Le transporteur SERT régule la disponibilité extracellulaire d'une hormone importante et neurotransmetteur 5-hydroxytryptamine (5-HT), en transportant rapidement à travers un Na + / Cl - Procédé -dépendante. SERT est une cible connue d'anti-dépresseurs et a récemment émergé comme une nouvelle cible thérapeutique des troubles gastro-intestinaux, tels que la diarrhée et une inflammation intestinale.Méthodes pour étudier l'absorption de 5-HT dans les cellules épithéliales de l'intestin ont été décrites précédemment. Par exemple, les cellules Caco-2 cultivées sur des supports en plastique ou des inserts perméables se sont révélés présenter une fluoxétine sensible 3 H-5-HT absorption dans les deux domaines apicaux et basolatéraux 4. La mesure de la fonction SERT en isolé Brush Border vésicules membranaires (BBMV) préparé à partir de donneurs d'organes humains l' intestin grêle a également été décrite par nous 5. 3 H-5-HT dans l' absorption BBVMs humains a été démontré que la fluoxetine sensible et Na + / Cl - dépendante, et elle présentait une cinétique de saturation avec un K m de 5 300 nm. Utilisant des méthodes similaires, nous avons également mesuré précédemment fonction SERT en 3 H-5-HT absorption dans la souris BBMV intestinale 6. Cependant, la préparation de vésicules de membrane plasmique pur nécessite une grande quantité de la muqueuse tissulaire. D'autres procédés, tels que le radiogvisualisation raphic de 3 sites d'absorption H-5-HT, ont également été montré précédemment dans Guinée porc et de rat petits intestins 7.

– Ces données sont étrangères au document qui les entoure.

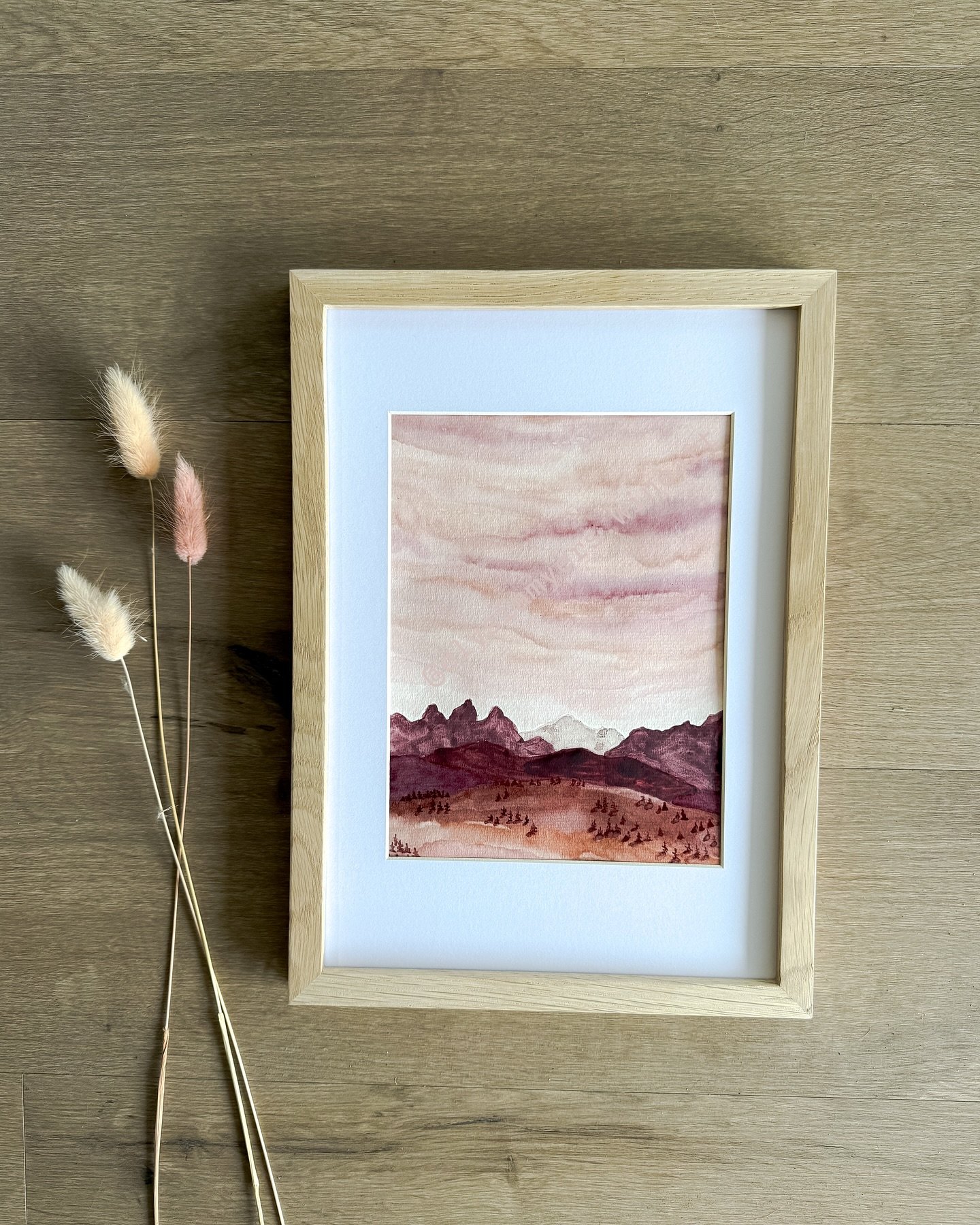 Original of the Day: 17 of 30 | Spritz (sold)

Painted with Barbera, Pinot Grigio, Sangiovese, Nebbiolo, Primitivo, Merlot, Malbec, Petite Syrah and ros&eacute;

OOTD: a new original for every day in April at 4:45pm MT! They started at $100 and incre
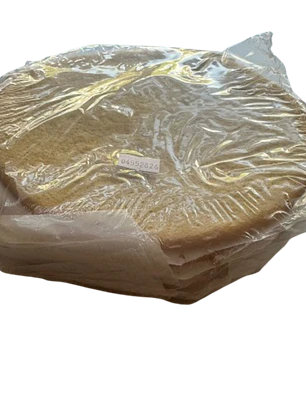 Disco Panqueque Blanco N19 10 capas Pavesi 19cm
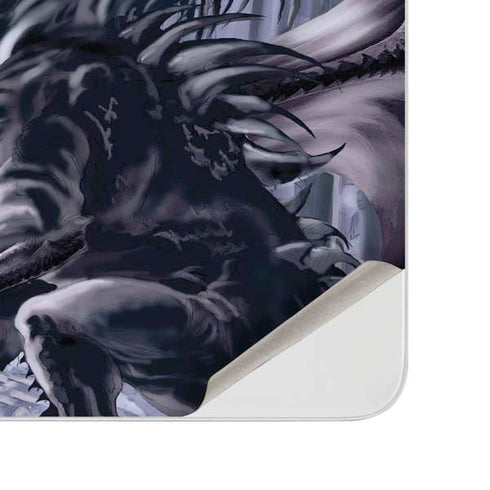 Ruth Thompson Thunderstrike Surface Duo Skin
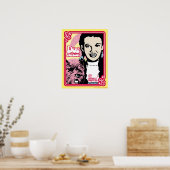 オズの魔法使い™ | Dorothy™ & Toto™ – ドッグパーソン ポスター (キッチン)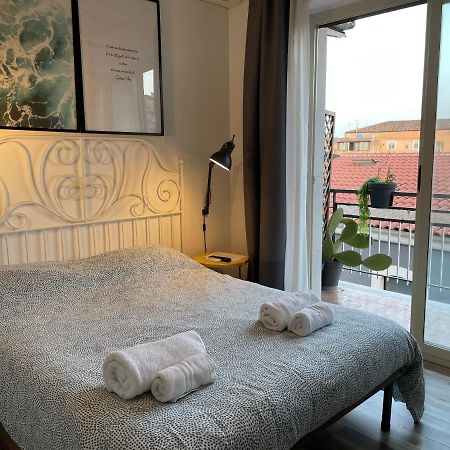 La Dimora Delle Muse Bed & Breakfast Catania Exterior photo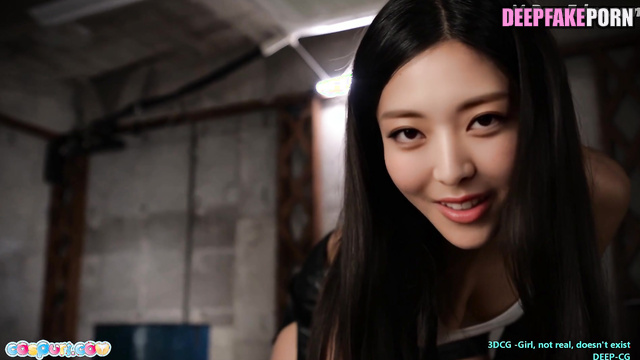 She rode him like a professional cowgirl 유나 있지 Yuna pov celebrity sex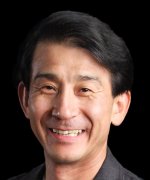 Kobayashi Takashi Fotoğraf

La chambre Ussing fournit un système plus physiologique pour mesurer le transport des ions, des nutriments et des médicaments dans divers tissus épithéliaux. Le principal avantage de la technique de la chambre de Ussing est qu'il permet la mesure précise des paramètres électriques et de transport des intacte, l'épithélium intestinal polarisé. En outre, pour réduire au minimum l'influence du système neuromusculaire intrinsèque, décapage séromusculaire de la muqueuse intestinale peut être effectuée pour étudier la régulation des transporteurs dans l'épithélium 8.
Nous démontrons que cellules Caco-2 cultivées en 3D sur la protéine gélatineuse forment une lumière creuse exprimant des marqueurs apical et basolatéral distincts. Ces cellules présentent une expression plus élevée de SERT que 2D cellules Caco-2. Méthodes pour cultiver des cellules 3D et peimmunocoloration rform ou de l'ARN et de protéines d'extraction sont décrits. En outre, nous décrivons les méthodes pour étudier le fonctionnement du SERT et la régulation par le TGF-β1, une cytokine pléiotropique, dans une petite muqueuse intestinale en utilisant une technique de la chambre de Ussing.